BEGIN Supplied information

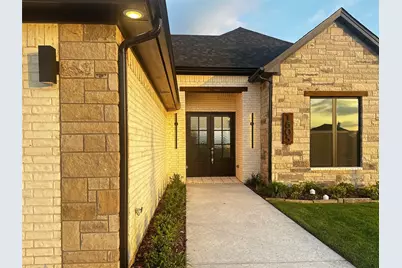 1805 Sudbury Drive, Cleburne, TX 76033 - Photo 5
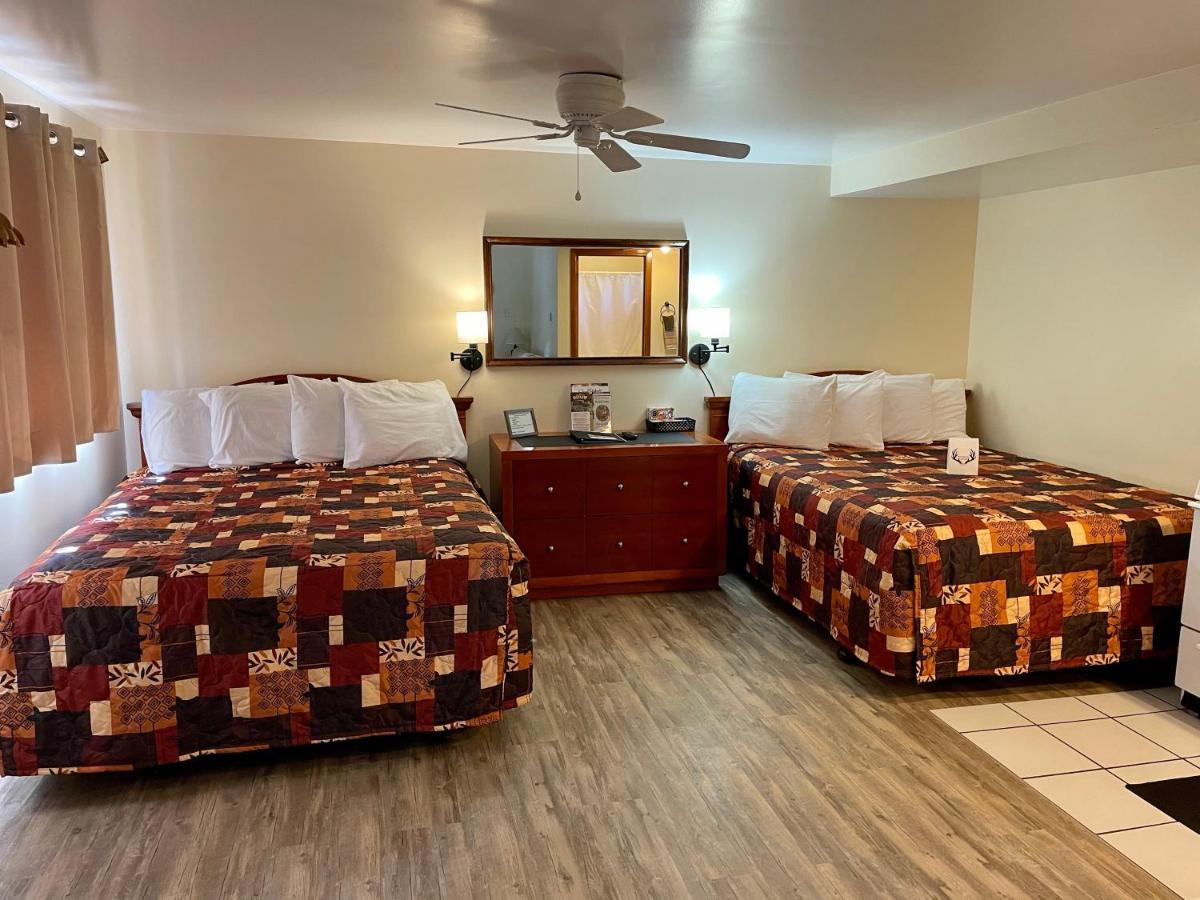 Whitetail Creek Resort Lead Экстерьер фото
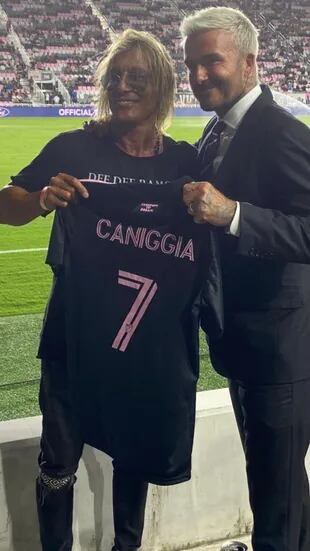 La camiseta que le regaló Beckham a Caniggia en su visita al Drive Pink Stadium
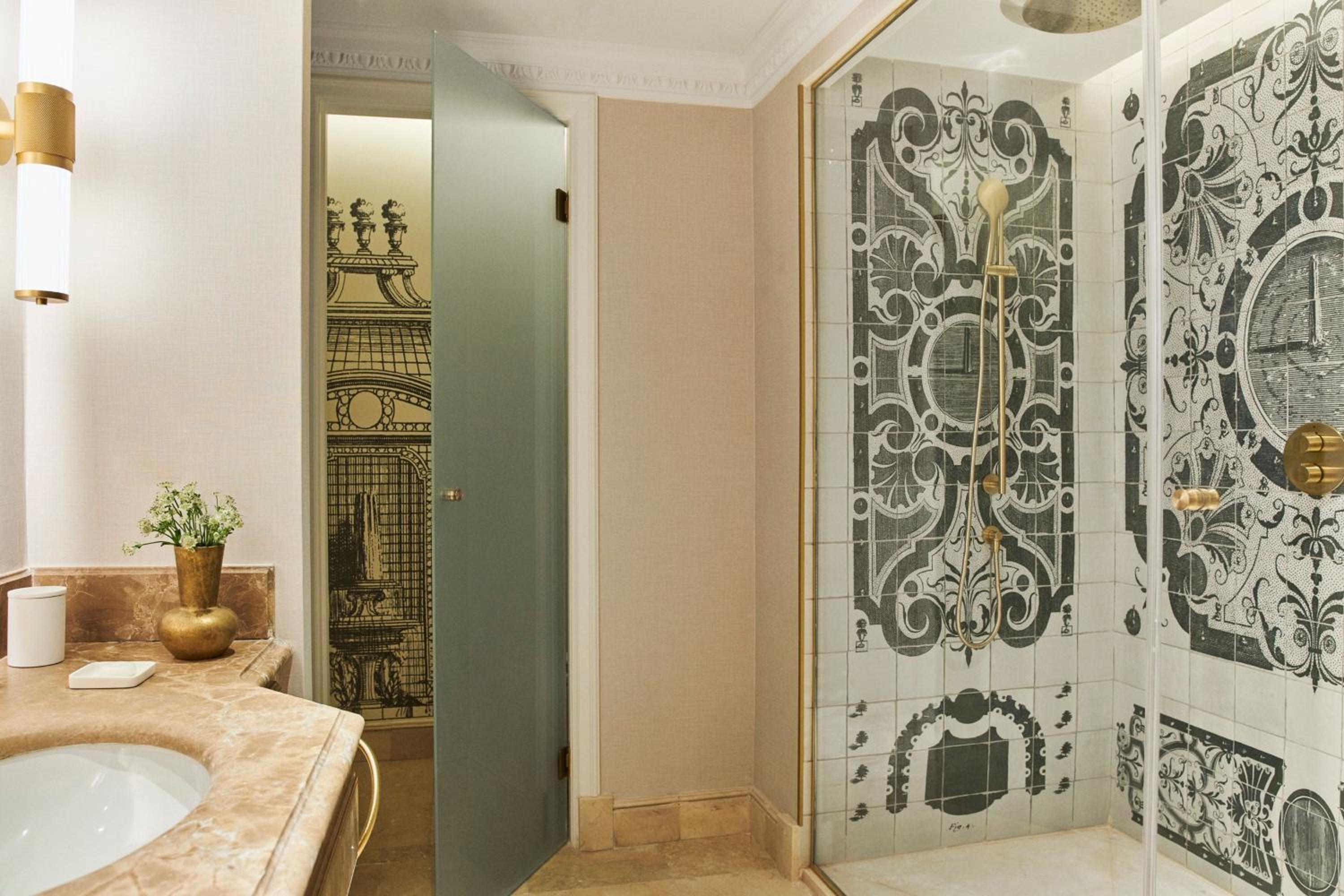 Palace Suite - Photo 14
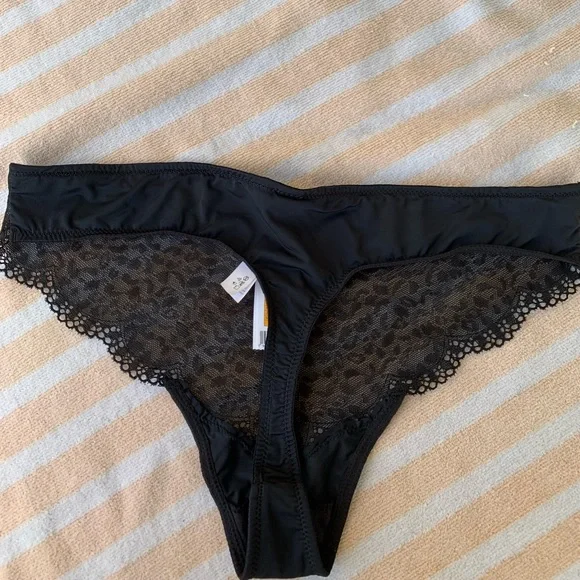 Bundle of Thong Underwear - Picture 13 of 16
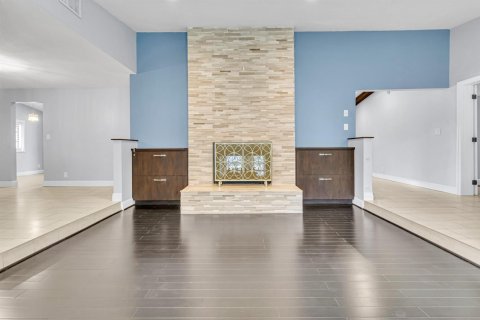 Villa ou maison à vendre à Plantation, Floride: 4 chambres, 220.36 m2 № 2083985 - photo 4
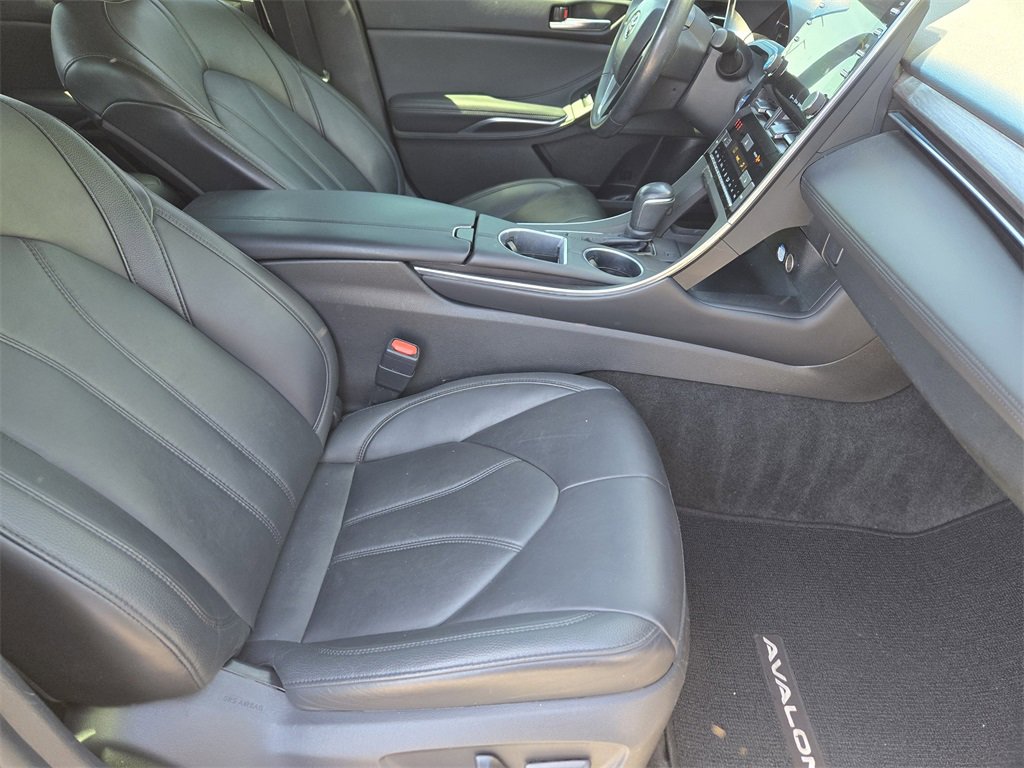 Used 2020 Toyota Avalon XLE FWD image 15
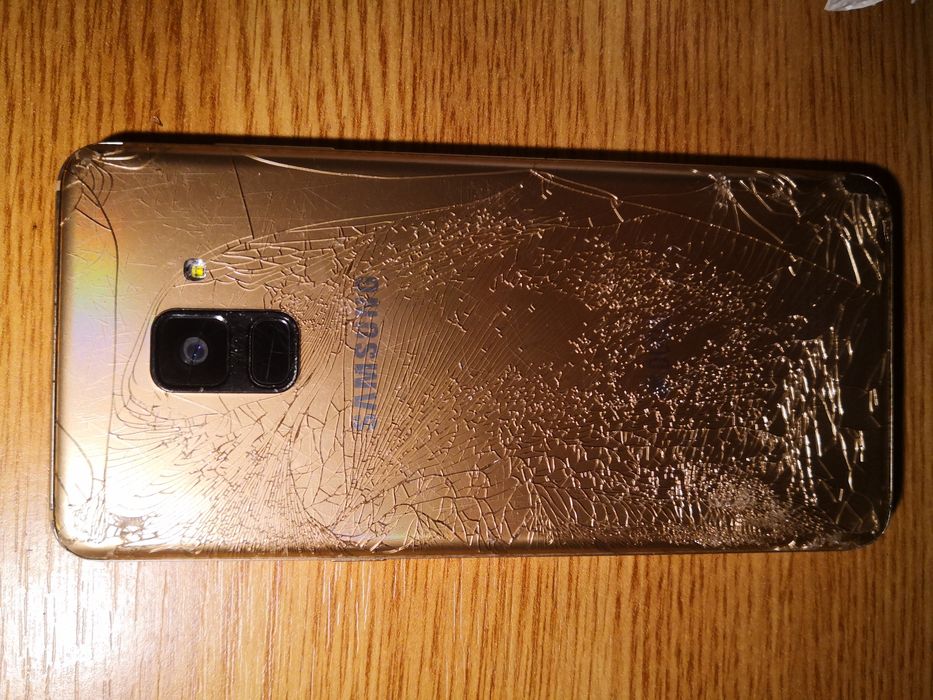 Dezmembrez Samsung A8 (2018) A530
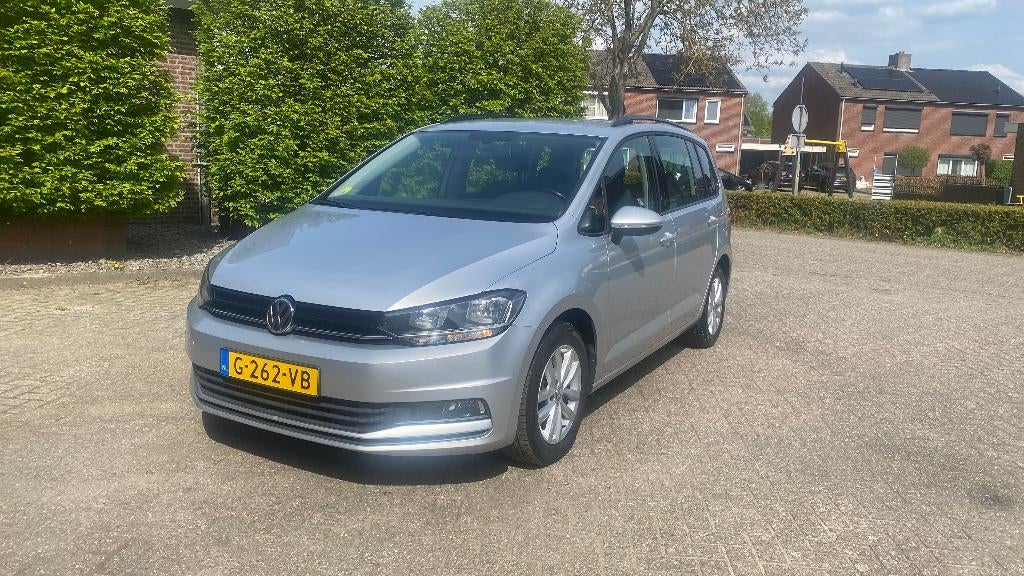 Volkswagen Touran, 1.6 TDI SCR Comfortline 7p, Auto's, Volkswagen, Bedrijf, Touran, ABS, Diesel, Euro 6, 4 deurs, Automaat, Zilver of Grijs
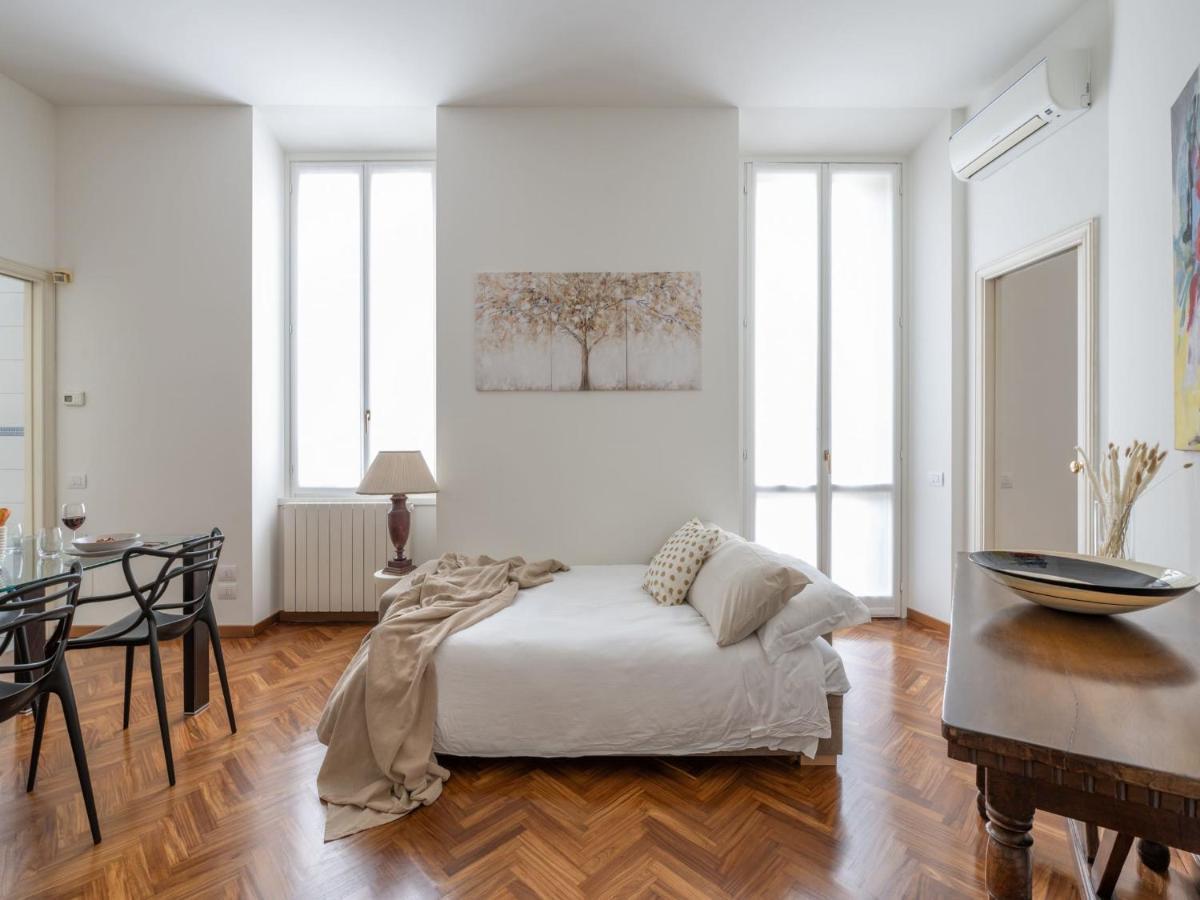 The Best Rent - Gorgeous Two-Bedroom Apartment In Porta Nuova District Milaan Buitenkant foto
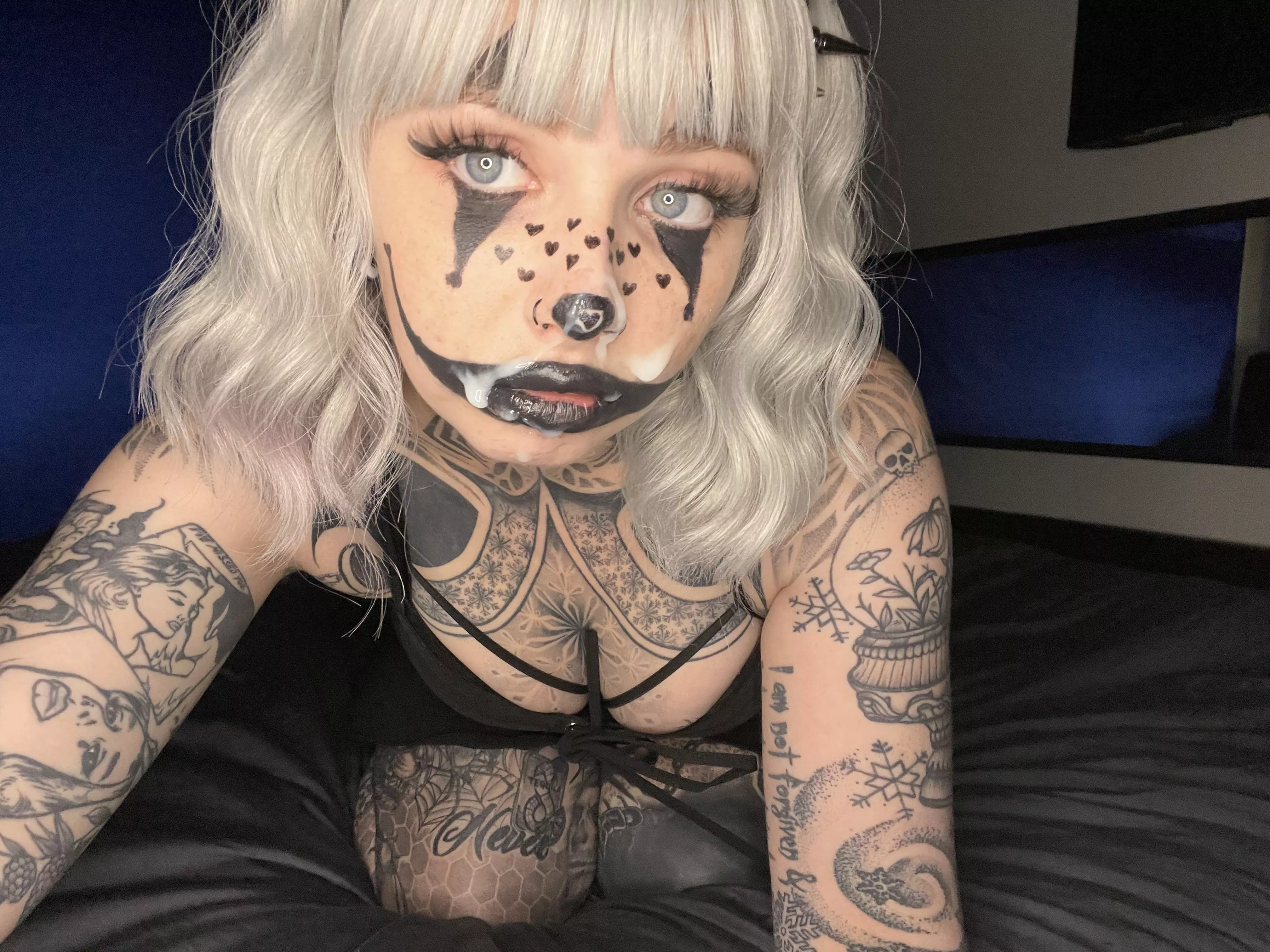 Girlfriend or one night stand posted by SGracelyn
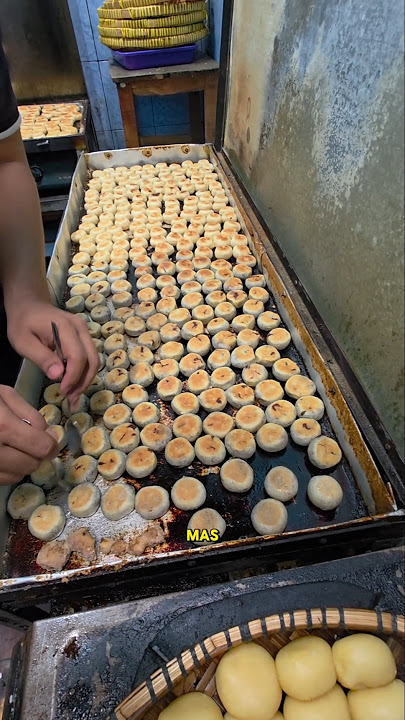 Thick bakpia with thin filling and skin, production of more than 5 thousand pcs #food #foodie #cu...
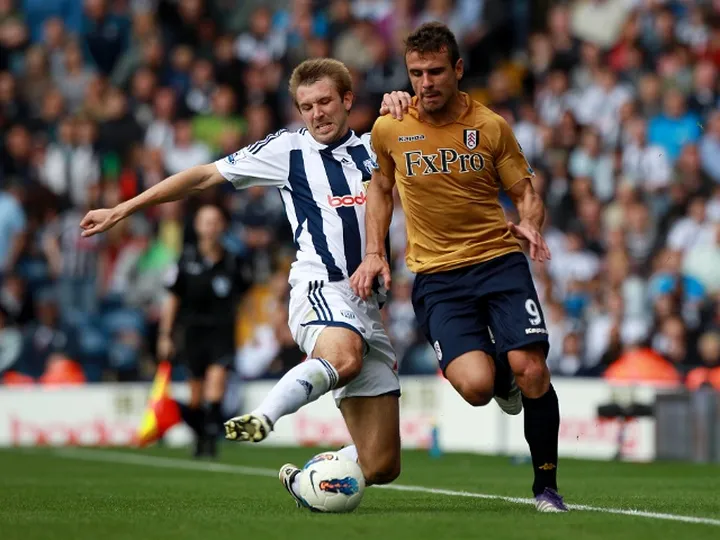 McAuley slams ref Moss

END Supplied information

Nothing but the lines from the first line of the data through the line with "Volkswagen Touran, 1.6" belongs in the answer, copied exactly and without pictures.

 1805 Sudbury Drive, Cleburne, TX 76033 - Photo 5
 Whitetail Creek Resort Lead Экстерьер фото
 La camiseta que le regaló Beckham a Caniggia en su visita al Drive Pink Stadium
 Palace Suite - Photo 14
 Bundle of Thong Underwear - Picture 13 of 16
 Villa ou maison à vendre à Plantation, Floride: 4 chambres, 220.36 m2 № 2083985 - photo 4
 Used 2020 Toyota Avalon XLE FWD image 15
 Dezmembrez Samsung A8 (2018) A530
 Volkswagen Touran, 1.6 TDI SCR Comfortline 7p, Auto's, Volkswagen, Bedrijf, Touran, ABS, Diesel, Euro 6, 4 deurs, Automaat, Zilver of Grijs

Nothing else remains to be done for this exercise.